UH Astronomer Robert Joseph Receives NASA Public Service MedalUniversity of Hawaiʻi at Mānoa
NASA has awarded the NASA Public Service Medal to Dr. Robert Joseph. The citation, signed by the NASA Administrator Sean O'Keefe, reads, "For outstanding leadership while serving as Director, Infrared Telescope Facility, enabling extraordinary planetary science research and exceptional contributions to the NASA Solar System Exploration mission."

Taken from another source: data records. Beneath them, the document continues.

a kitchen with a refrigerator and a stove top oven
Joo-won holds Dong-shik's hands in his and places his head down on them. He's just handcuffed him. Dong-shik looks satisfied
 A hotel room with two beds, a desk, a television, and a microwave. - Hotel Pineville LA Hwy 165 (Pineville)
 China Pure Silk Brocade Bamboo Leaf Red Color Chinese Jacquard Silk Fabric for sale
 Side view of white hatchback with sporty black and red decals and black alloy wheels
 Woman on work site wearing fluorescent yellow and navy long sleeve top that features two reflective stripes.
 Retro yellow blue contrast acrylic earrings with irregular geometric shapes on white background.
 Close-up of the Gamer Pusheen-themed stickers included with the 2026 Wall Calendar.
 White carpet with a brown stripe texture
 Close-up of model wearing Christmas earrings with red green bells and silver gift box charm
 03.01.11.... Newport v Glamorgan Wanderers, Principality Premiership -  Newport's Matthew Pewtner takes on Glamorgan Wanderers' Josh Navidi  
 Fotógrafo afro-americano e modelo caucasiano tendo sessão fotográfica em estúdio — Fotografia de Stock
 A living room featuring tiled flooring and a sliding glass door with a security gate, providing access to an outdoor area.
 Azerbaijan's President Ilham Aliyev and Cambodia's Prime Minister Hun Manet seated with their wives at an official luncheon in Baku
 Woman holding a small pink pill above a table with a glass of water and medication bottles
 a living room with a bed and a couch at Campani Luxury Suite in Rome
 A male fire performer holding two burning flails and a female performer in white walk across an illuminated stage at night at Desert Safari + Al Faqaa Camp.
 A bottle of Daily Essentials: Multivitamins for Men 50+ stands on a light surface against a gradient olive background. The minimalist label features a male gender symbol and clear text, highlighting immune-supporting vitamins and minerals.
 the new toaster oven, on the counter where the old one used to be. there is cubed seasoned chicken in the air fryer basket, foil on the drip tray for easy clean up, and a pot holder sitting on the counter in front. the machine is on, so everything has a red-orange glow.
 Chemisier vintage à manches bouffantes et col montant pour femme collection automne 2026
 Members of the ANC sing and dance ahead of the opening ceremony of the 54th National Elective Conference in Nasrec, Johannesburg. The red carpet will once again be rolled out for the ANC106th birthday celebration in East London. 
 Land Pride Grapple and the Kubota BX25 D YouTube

Joseph served as the director of the NASA Infrared Telescope Facility (IRTF) for 11 years, making him the longest-serving director of this U.S. national observatory. He has been a faculty member at the Institute for Astronomy for 15 years and is currently the faculty chair. During Joseph's tenure as NASA IRTF director, the IRTF was awarded over $21 million in grants and contracts by NASA and the National Science Foundation for observatory operations, new focal plane instrumentation, enhancements of image quality, and facility renovation and modernization.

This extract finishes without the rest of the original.